The algorithm for patients with renal insufficiency who require vascular imaging has recently changed in my hospital. Previously, the majority of these patients underwent magnetic resonance angiography (MRA) or occasionally computed tomographic angiography after prescan hydration and sodium bicarbonate infusion. Although we have used carbon dioxide (CO2) for many years, with the advent of nephrogenic systemic sclerosis and its unclear relationship to MRA contrast agents, we are increasingly using CO2 as a contrast agent for both diagnosis and to guide therapy. CO2 has been used for > 30 years. It is not nephrotoxic or hepatotoxic and is nonallergenic. It is also quite inexpensive compared with other contrast agents.
PROCEDURE
Equipment
I use a modified plastic bag system with an O-ring first described by Hawkins and associates. A prepackaged carbon dioxide kit (called a “custom waste management kit” from Merit Medical, South Jordan, UT) is available. A similar kit is manufactured by AngioDynamics (Queensbury, NY). Because CO2 angiography is “off-label,” neither can be marketed as a “CO2 angiography” kit, and both cost approximately $50 to 100. Although very straightforward, it is important to understand the connections of this system thoroughly (Fig. 1). The kit includes the following:
1500-mL CO2 bag
50-mL syringe
Multiple stopcocks and connectors
Medical-grade CO2 cylinder
Filling Reservoir Bag
The bag is purged three times using an O-ring filter with medical grade CO2 to eliminate room air. On the final filling, the bag should not be overdistended.
Connection to Catheter
The filled bag is connected to the remaining manifold and the two-way stopcock is opened. The 50-mL syringe is filled with CO2 via a dual check valve and expelled to purge air out of the tubing, which is then connected to the angiographic catheter. The three-way stopcock can be turned off to CO2 to allow backbleeding into a small syringe to eliminate all air from the system. The stopcock is then closed to the backbleeding syringe, and the blood is gently purged from the catheter by slowly injecting CO2 via the syringe. When injecting CO2, resistance is initially felt as blood is purged from the catheter followed by a “give” when CO2 completely fills the catheter. Blood is purged from the catheter to prevent “explosive” delivery of CO2 during angiography.
Angiography
Angiographic runs are then performed at two to six frames per second using digital subtraction software with angiographic inversion and image summation, or “stacking.” Typically 30 to 50 mL of CO2 are injected into the aorta or inferior vena cava via a pigtail catheter. Less volume is used for selective injections, and it is helpful to use catheters with one side hole. Injections are performed 2 to 3 minutes apart; occasionally slightly longer delays are used when performing mesenteric angiography. Patients should be supine, and injections must be made below the level of the diaphragm. For evaluation of the calves and feet, the legs can be elevated slightly on pillows to allow the gas to “rise” to fill the arteries in this region. Nitroglycerine in 100- to 200-μg aliquots can be administered intra-arterially as necessary.
Interpretation
It is important to recognize that CO2 “floats” on the top of blood; therefore abnormalities in the dependent portions of blood vessels (e.g., posterior plaques in iliac arteries) may not be demonstrated to full advantage. In practical terms, this is only a problem in larger (i.e., > 1-cm diameter) vessels because CO2 fills smaller caliber arteries more completely. Arteries that assume a posterior course, such as dependent coursing renal arteries, may be difficult to fill, particularly from a nonselective injection. As CO2 passes through bifurcations, the bolus dissipates into smaller bubbles that can create a “pseudostenosis” (Fig. 2). Overlying bowel gas can obscure vessels and presents a potential pitfall to interpretation (Fig. 3).
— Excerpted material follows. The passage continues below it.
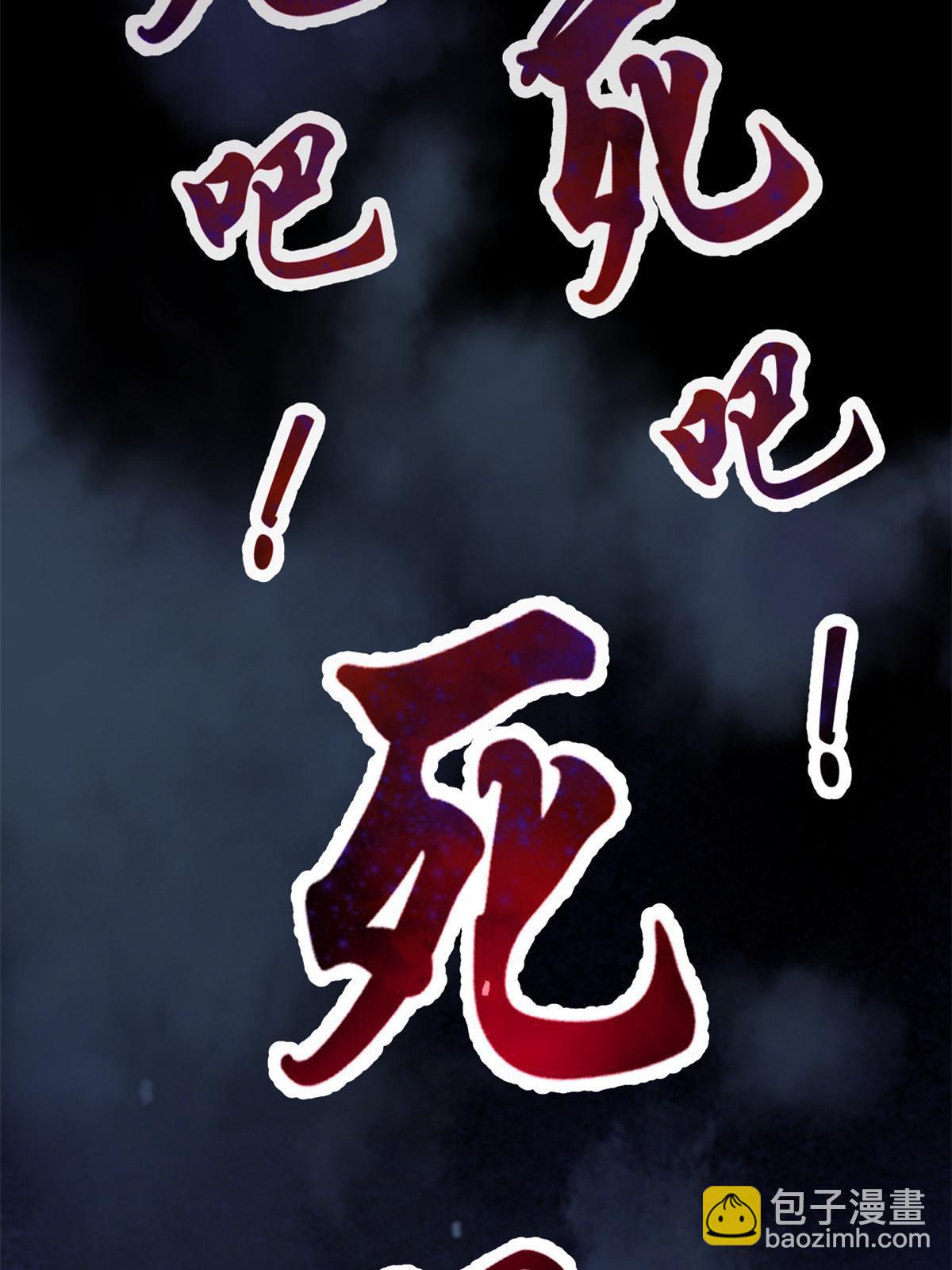184 崩溃之躯(1/2)-第186话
Complications and Contraindications
The following complications have been reported using CO2 for angiography: paresthesia, abdominal pain, tenesmus, vapor lock, and nausea. Abdominal pain is thought to be related to CO2 in the mesenteric vessels and is best handled by rotating the patient from side to side and gently massaging the abdomen to allow the CO2 to diffuse into the blood. It may be caused by vapor lock in mesenteric arteries and is reported to be more likely in patients with CO2 collecting in abdominal aortic aneurysms. Nausea is usually encountered only when high flow rates are used for angiography.
Vapor lock in the heart is a feared complication that occurs when CO2 is trapped there, increasing pulmonary artery pressure and preventing normal blood flow and venous return. This is essentially only a risk with venography and may reflect air contamination. Intravascular air injection may cause significant vapor lock in the heart with bradycardia and hypotension. If this occurs, the patient should be rotated into a left lateral decubitus position.
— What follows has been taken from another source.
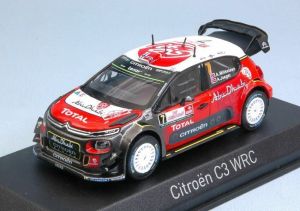 Citroen C3 WRC #7 Rally Pologne 2017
CO2 should not be combined with nitrous oxide sedation, and it should be used with discretion in patients with chronic obstructive pulmonary disease. CO2 is contraindicated in the cerebral vessels and should not be injected above the level of the diaphragm or used in patients with left-to-right shunts.
DISCUSSION
Hawkins, Caridi, and associates at the University of Florida have accrued the longest and largest experience with CO2, which can be used for a variety of procedures:
Transjugular intrahepatic portosystemic shunt (TIPS) insertion: CO2 is used to perform wedged portal venography; however, there have been several case reports of hepatic capsular rupture and death when using CO2 for this purpose. Personally, I do not routinely perform wedged venography during TIPS. I do not find it particularly helpful. If CO2 is used for this purpose, some investigators advocate gentle injection via an occlusion balloon inflated in the hepatic vein.
Gastrointestinal (GI) hemorrhage: CO2 is much less viscous compared with liquid contrast material and therefore may be more sensitive for the detection of GI bleeding. I have found it helpful in problematic cases (Fig. 4) but do not perform it routinely for all procedures.
Diagnostic angiography and intervention: I routinely use CO2 for diagnostic angiography in patients with renal insufficiency. In most cases, it can be used for both diagnosis and intervention (Fig. 5). Typically, I augment the study with a small volume of iso-osmolar contrast (10 to 20 mL) to show any pathology to best advantage or clarify any equivocal findings. I dilute the contrast 1:1 and use it for selective or subselective injections.
Renal intervention: Similar to diagnostic angiography, I often use CO2 for renal interventions. Occasionally, it is helpful to rotate the patient slightly to help fill the artery. Again, due to its relatively low viscosity, it is much easier to inject CO2 around a guidewire via a sidearm adaptor compared with liquid contrast. If necessary, I augment the study with small volumes of iso-osmolar contrast.
Venography: Can be done prior to inferior vena cava filter placement. It is more difficult to visualize posterior oriented renal veins (i.e., right renal vein) and caval thrombus compared with liquid contrast. CO2 can also be used for arm venography prior to dialysis access creation for patients with renal insufficiency who have not completely lost renal function or in patients with allergies to iodinated contrast material. In all these interventions, it is important to check the pulmonary arteries for accumulation of gas and subsequent dissipation within 30 to 45 seconds.
SUGGESTED READINGS
- Hawkins I F, Caridi J G. Carbon dioxide (CO2) digital subtraction angiography: 26-year experience at the University of Florida. Eur Radiol. 1998;8:391–402. doi: 10.1007/s003300050400. [DOI] [PubMed] [Google Scholar]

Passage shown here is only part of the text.